This week’s verse from the Sermon on the Mount at Avalon was Matthew 5:6.
Blessed are those who hunger and thirst for righteousness, for they will be filled.
Mt. 5:6 (NIV2011)
Often when I read familiar verses like this, I just keep going. One way I force myself to stop and mediate on Scripture is to think about each word individually.
Blessed. Favored by God. I’ve walked through that word in a previous blog.
Are those who HUNGER…. Hunger. An image of starving children in a foreign country who even if they are filled with food for a few hours, have been hungry for so long that they are malnourished and missing the nutrients to grow. That’s severe hunger. A hunger that I have never felt.
And THIRST…. A person in the desert so desperate for water that they imagine it being there.

The words hunger and thirst have a definition in common: to have a strong desire. A synonym, perhaps with a bit more intensity of meaning, would be CRAVE. To crave is to desire eagerly, even to need or to require something. People who truly hunger or thirst crave. A hungry child craves good, filling, nutritious food. Their bodies require it. A dehydrated person in the desert craves good drinking water.
Favored by God are those who crave…. What do they crave? Righteousness. The Amplified Bible expands righteousness to a “right standing with God.” Do we crave that? There is so much more to righteousness in Scripture though. The New Living Translation replaces righteousness with justice. That is also true. In fact in the Old Testament, righteousness and justice are often paired together. Proverbs 8:20 says, “I walk in the way of righteousness, along the paths of justice.” The words here are a synonymous parallel, two phrases that mean similar things. Do we crave justice? True justice? That leads to other questions like where do we see the need for justice in our world. And if we crave justice, how do we help bring it about?
However, while both of those things are true, they don’t fit really well in this verse when we finish it: “…for they will be filled.” What does righteousness mean in this context?

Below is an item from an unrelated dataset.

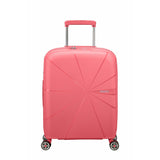 Cabin suitcase American Tourister Starvibe Spinner Pink 41 L 55 x 40 x 20 cm-6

Righteousness in Romans is the gift of God through faith in Jesus Christ. It is not by obeying the law that we receive righteousness, but by faith in Jesus, by desiring him. The Old Testament has a great word picture for being thirsty for righteousness and for the giver of that righteousness:

As the deer pants for streams of water, so my soul pants for you, my God. My soul thirsts for God, for the living God. When can I go and meet with God?”
Psalm 42:1-2
Jesus himself says in John 4 that he is the living water. Everyone who drinks the water he gives (himself) will never be thirsty again, unlike if we drink the water from the well sitting there. He talks about the same idea with bread in John 6. He is the bread of life that truly fills, unlike the physical bread that he gave the crowds the previous day. People who thirst and who hunger can find what will truly fill them in Jesus.
Do we crave Jesus? Do we crave his righteousness?
Matthew 5:6 says that when we crave righteousness we will be filled. Who does the filling? God. With what or whom are we filled? I could argue that we are filled with the Holy Spirit. It is the work of the Trinity that when we crave righteousness, which is a gift of God and comes through faith in Jesus Christ, we are filled with the Spirit of God.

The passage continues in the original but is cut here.